VEJETERYAN BİREYLERE ÖNERİLER
- Vejeteryan diyetleri B12 vitamini preparatlarıyla desteklenmelidir. Özellikle çocuklarda vitamin B12 alımının sağlanması için balık gibi hayvansal besinlerin tüketilmesi sağlanmalıdır.
- Vejeteryan gebe ve emzikli anneler kemik demineralizasyonu ile karşılaşmamak için kalsiyumdan zengin yiyecekler ya da kalsiyum preparatları tüketmelidirler.
- Gebelik sırasında demir preparatları kullanılmalıdır ve bebeklere 6. aydan sonra demirden zengin yiyecekler verilmeye başlanmalıdır. Hem demirin en iyi kaynağı kırmızı ettir, bu nedenle demir eksikliği anemisi gelişmesinin önlenmesi için çocuklar kırmızı et tüketmeye de teşvik edilmelidirler. Vejeteryanlarda bitkisel demirin emiliminin artırılması için diyette C vitamini kaynakları bulundurulmalı, sebzelerin hazırlanması ve pişirilmesi sırasında C vitamini ve diğer vitamin kayıplarını azaltılması için önlemler alınmalı ve yemekle birlikte çay ve kahve gibi demir biyoyararlılığını azaltan içecekler tüketilmemelidir.
- Vejeteryanlar D vitamini ihtiyaçlarını karşılamak için mutlaka güneş ışınlarından faydalanmalıdırlar.
- Vejeteryan diyetlerinin linoleik/a-linolenik asit oranının 4:1 ile 10:1 arasında olması sağlanmalıdır. Veganlar çiçek yağı yerine a-linolenik asitten zengin kanola yağı ve soya yağı kullanmalı, ceviz ve yeşil yapraklı sebzeler tüketmelidirler.
- Düşük doğum ağırlıklarının önlenmesi için vejeteryan annelerin enerji alımları artırılmalıdır.
- Çocuklar için en uygun vejeteryan beslenme tipi lakto-ovo vejeteryanizmdir.
- Vejeteryan çocuk ve gençlerin diyetine süt, yumurta, peynir, badem, ceviz gibi çinkodan zengin besinler eklenmelidir.
- Vejeteryan çocukların protein ihtiyaçları karşılanırken amino asit örüntüsü dengelenecek şekilde besin kombinasyonları oluşturulmalıdır.
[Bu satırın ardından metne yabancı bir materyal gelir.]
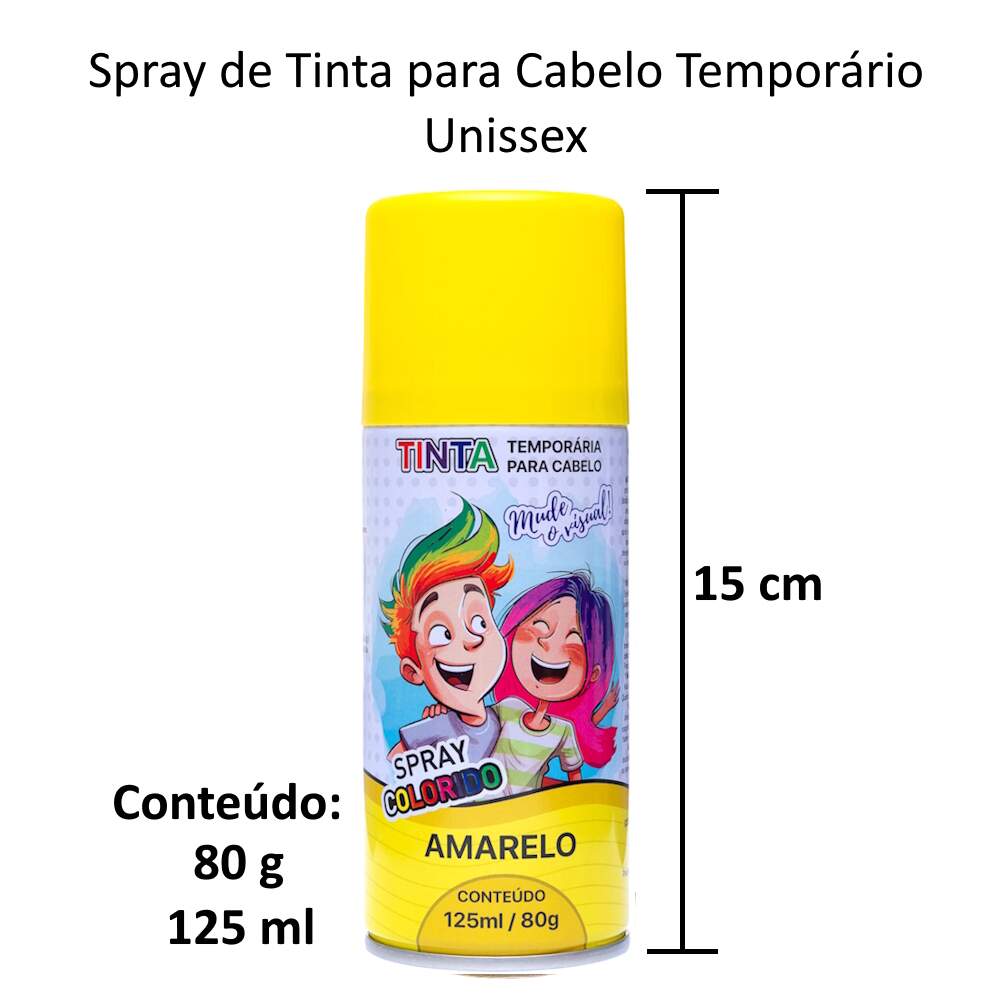Tinta Spray Amarelo Cabelo Maluco Lavável Carnaval Infantil - Flix ...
Ayrıca, soya ve diğer kurubaklagillerde bulunan protein sindirimini engelleyici etmenlerin yok edilmesi için pişirme ilkelerine özen gösterilmelidir.
- 2 yaşındaki ve daha küçük çocukların posa alımları sınırlanmalıdır. Posa alımı bazı minerallerin emilimini engellediği için vejeteryan diyetlerde posa alımının azaltılması sağlanmalıdır.
- Vejeteryan ebeveynler çocuk beslenmesi konusunda çok iyi bilgilendirilmelidir ve vejeteryan ebeveynlere çocuklarının sağlıklı büyümesi için ete de ihtiyaçları olduğu kesin bir şekilde belirtilmelidir.
- Çocuklar kesinlikle katı vejeteryan diyetlerle beslenmemelidirler. Kendi istekleriyle vejeteryan olan ve diyetlerini devam ettirmeye direnen çocuklar söz konusu ise, bu çocukların diyeti mümkün olduğunca açılmaya çalışılmalıdır. Eğer bu başarılamıyorsa eksikliği görülen besin öğeleri diyetlerine preparat olarak eklenmelidir. Ayrıca vejeteryan çocukların büyümeleri çok yakından izlenmelidir.
- Vejeteryan diyetler gençlerde menstrual siklus düzensizliklerine neden olmaktadır. Bu da ileride daha farklı sağlık sorunlarına neden olabilmektedir. Bu nedenle vejeteryan diyetleri tüketen çocuklar sürekli olarak izlenmelidirler.